╭─ Given data

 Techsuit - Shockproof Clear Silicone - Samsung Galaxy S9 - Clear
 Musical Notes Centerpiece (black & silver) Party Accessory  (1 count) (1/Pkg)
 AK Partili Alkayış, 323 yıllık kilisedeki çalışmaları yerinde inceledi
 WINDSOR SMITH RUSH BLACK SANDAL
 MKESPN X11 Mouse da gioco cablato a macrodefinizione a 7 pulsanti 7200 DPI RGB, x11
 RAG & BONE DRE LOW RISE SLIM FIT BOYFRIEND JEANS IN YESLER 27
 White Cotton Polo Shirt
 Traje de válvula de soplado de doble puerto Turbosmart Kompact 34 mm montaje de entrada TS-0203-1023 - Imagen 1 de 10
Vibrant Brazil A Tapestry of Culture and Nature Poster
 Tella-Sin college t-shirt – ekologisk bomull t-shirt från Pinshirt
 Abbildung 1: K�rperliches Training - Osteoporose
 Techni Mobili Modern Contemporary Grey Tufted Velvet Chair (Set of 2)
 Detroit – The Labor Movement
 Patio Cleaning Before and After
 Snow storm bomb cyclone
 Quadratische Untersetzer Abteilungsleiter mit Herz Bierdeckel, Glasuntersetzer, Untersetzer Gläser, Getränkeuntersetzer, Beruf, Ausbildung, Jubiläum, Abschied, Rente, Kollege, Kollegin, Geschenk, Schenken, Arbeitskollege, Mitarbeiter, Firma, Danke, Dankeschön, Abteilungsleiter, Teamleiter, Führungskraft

╰─
╭─ Given data

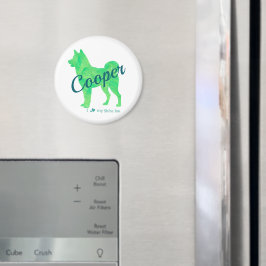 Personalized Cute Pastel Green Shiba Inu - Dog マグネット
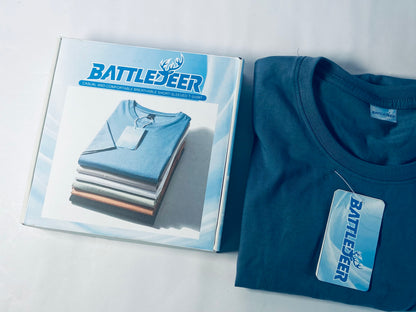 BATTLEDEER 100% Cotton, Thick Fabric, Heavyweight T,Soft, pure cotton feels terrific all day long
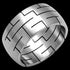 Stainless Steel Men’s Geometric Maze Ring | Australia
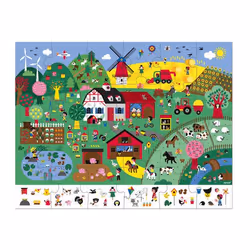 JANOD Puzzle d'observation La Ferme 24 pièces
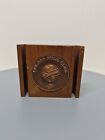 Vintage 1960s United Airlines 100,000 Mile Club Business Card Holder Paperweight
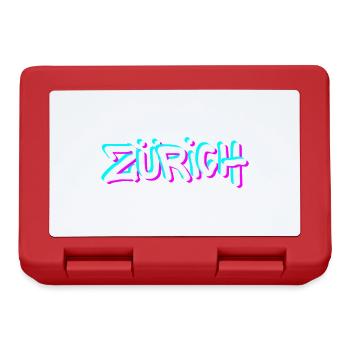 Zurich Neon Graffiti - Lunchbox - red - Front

╰─
╭─ Given data

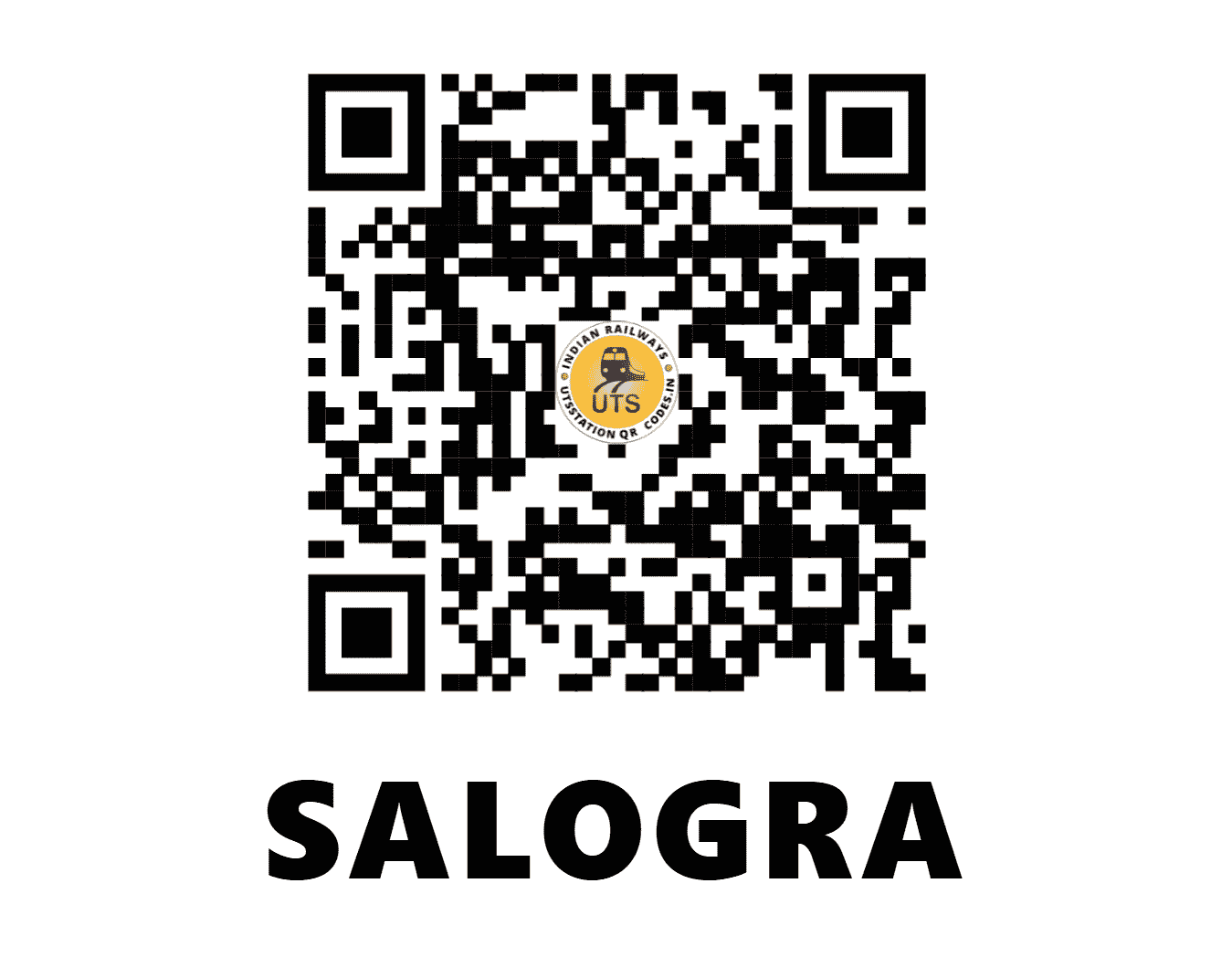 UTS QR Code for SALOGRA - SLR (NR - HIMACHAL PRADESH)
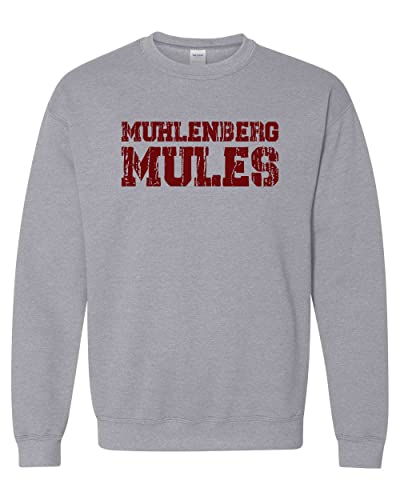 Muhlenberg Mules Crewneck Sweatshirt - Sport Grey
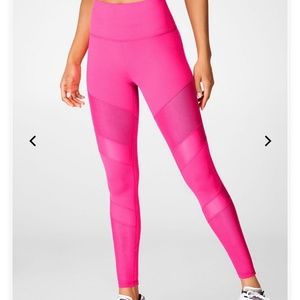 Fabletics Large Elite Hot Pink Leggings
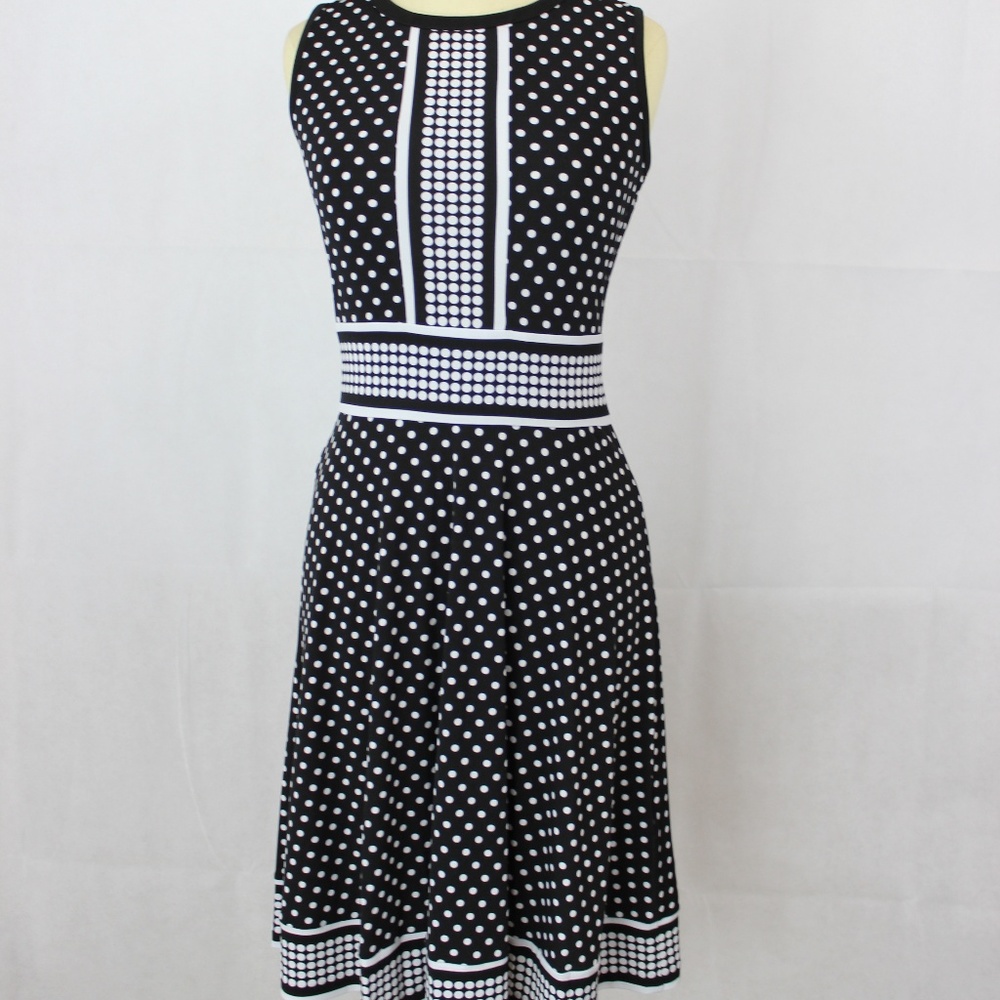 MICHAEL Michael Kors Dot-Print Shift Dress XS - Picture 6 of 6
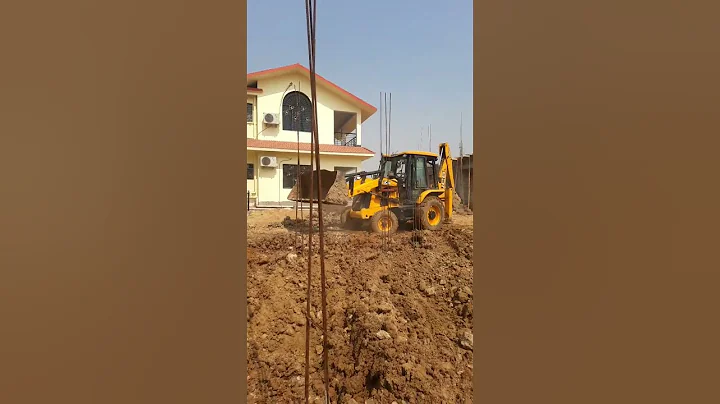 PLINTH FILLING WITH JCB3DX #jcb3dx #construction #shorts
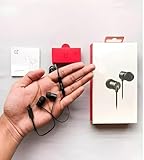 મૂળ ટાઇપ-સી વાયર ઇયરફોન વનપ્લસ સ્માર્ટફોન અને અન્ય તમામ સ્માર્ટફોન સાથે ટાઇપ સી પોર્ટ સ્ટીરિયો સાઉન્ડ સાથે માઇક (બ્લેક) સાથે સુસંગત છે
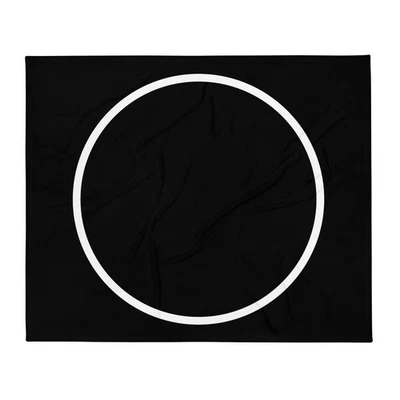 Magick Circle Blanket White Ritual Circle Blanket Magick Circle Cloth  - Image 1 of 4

╰─

# To do
Starting at the line above that contains "MKESPN X11 Mouse", repeat each line exactly up to and including the line that contains "Detroit – The Labor Movement", and stop there.

# Solved problem
 MKESPN X11 Mouse da gioco cablato a macrodefinizione a 7 pulsanti 7200 DPI RGB, x11
 RAG & BONE DRE LOW RISE SLIM FIT BOYFRIEND JEANS IN YESLER 27
 White Cotton Polo Shirt
 Traje de válvula de soplado de doble puerto Turbosmart Kompact 34 mm montaje de entrada TS-0203-1023 - Imagen 1 de 10
Vibrant Brazil A Tapestry of Culture and Nature Poster
 Tella-Sin college t-shirt – ekologisk bomull t-shirt från Pinshirt
 Abbildung 1: K�rperliches Training - Osteoporose
 Techni Mobili Modern Contemporary Grey Tufted Velvet Chair (Set of 2)
 Detroit – The Labor Movement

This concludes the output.